Bunun gibi bir girişim Siyez Evi . Kurucusu öğretmen Sevim Özsoy Azdavay’lı. 2017 ‘de Kastamonu ‘ya geri dönmüş. Bir konak kiralamış. Siyez tohumunu sergiliyor, anlatıyor. Sevim öğretmen yöresel ürünlerin psazarlasması için kurduğu oluşuma ”Sümerbank” adını vermiş.Bu arada öğreniyorum ki siyez buğdayından üretim Kastamonu ‘da 10 bin tona varmış. Hiç bir pazar sorunu yaşanmıyor. Şimdi yurdun 6 ilinde ekim yapılması hepimizin gurur kaynağı olmalı. Zira bu yolla ülke ilk kez kendi atalık tohumuna sahip çıkmış oluyor.
Bu bir ilk değil : Yıl 1944. Vali Dr. Mithat Altınok bir Kastamonu Kadın Dokuyucu ve Dokutturucu Kooperatfi ” nin kurulması için öncülük ediyor. Sonrasını Köy-Koop Başkanı Erol Akar‘dan dinleyelim :
– Bakanlar Kurulu 1941 ‘de Kastamonu Dokuyucular ve Dokkuturucular Küçük Sanat Kooperatifi adında bir kooperatifin kıruluşunu onaylıyor. Kurucusu Vali Dr. Müthat Altınok. 600 ortakla kurulan kooperatifin üye sayısı bir yıl içinde 2.100 ‘e çıkmış, tezgah sayısı 22.899 ‘a ulaşmıştır.Binlerce kadın ve kız kooperatif sayesinde önemli bir gelire kavuşmuş savaş yıllarında muhtaç olmaktan kurtulmuştur.
Dar ve orta gelirli insanların emeğini ve sermayesini bir araya getirerek müşterek iş yapma çbalarını desteklemekten başka ne yapılabilir ki ?
Bir buluşmada yanan meşale :Kastamonu Ticaret ve Sanayi Odası ‘nda buluşuyoruz. Açıkçası, beklediğim sayı 20-25. Oysa salon tıklım tıklım dolu . 100 ‘ü aşkın , ağırlığı kadın olan insanlar var. Kooperatif ve yerel kalkınma üstüne 3-5 şey anlatıyorum. Sonrasında kadınların soruları yükseliyor. Hem de ne yükselme. Soru… soru… soru…. Sarı Konak Koopersatifi sadece orada sanırken, eller yükseliyor. Anlıyoruz ki Taşköprü ‘lülü kadınlarımız gelmişi Yine eller kalkıyor bu kez Hanönü ‘lü kadınların varlığını anlıyoruz. Sonra Devrekani sonra sonra Daday…. 14 ‘de başlayan toplantı 16 ‘ya ulaşmış ” tıs ” yok.
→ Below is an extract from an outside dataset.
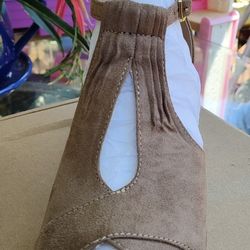 LADIES TAUPE COLOR WEDGES
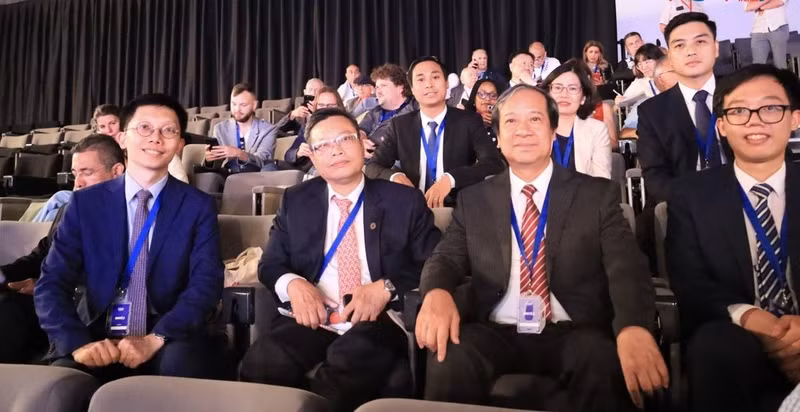 La délégation du Parti communiste vietnamien, conduite par Nguyên Kim Son, chef adjoint de la Commission centrale des politiques et stratégies. Photo : VOV.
Kadınlar sorgulamada devamda. Oturumun kolaylaştırcısı olarak ”çay salonuna geçelim , birebir soruları cevaplandıralım ” önerisini getiriyorum. Yan salona geçiyoruz. Bu kez Köy Koop Başkanı Sn. Akar söz alıyor, kadınları rekabetçi davranışlara karşı uyarıyor. Bu arada Köy Koop katkısını bir güzel anlatıyor, kimsenin aklında bir soru kalmıyor.
Çıkardığım sonuçlar :Kadınlar ciğeri yanmış durumda. Kendilerini evlere tıkılmış hissediyorlar. Evden çıkıp iktisadi yaşama katılmak en büyük arzuları. Hepsi ellerinden iş geldiğini biliyor. Bunları bile değerlendirse ” anlamlı ” olacağını kestirmiş durumda. Bildikleri bir nokta daha var : Bu işler bir başına yapılamaz ! Bunun için kooperatifçilik konusuna en yatkın onlar. Zira iyi bir süt kooperatifinin neler yapabileceğini görüyor ve blliyorlar.Bu uzun yolculukta bir korkuları var : Maliye ve haciz konusu. Bu nedenle bir üst birliğin ya da destek kuruluşunun varlığı çok önemli. Buna bir tampon kuruluşu adını da verebilirsiniz.
Evet erkek girişimciler… Böylesi bir üst kuruluşta yer alarak bu dayanışma görevini yerine getirebilirsiniz.
Ne de olsa onlara ödenmemiş çok borcumuz var.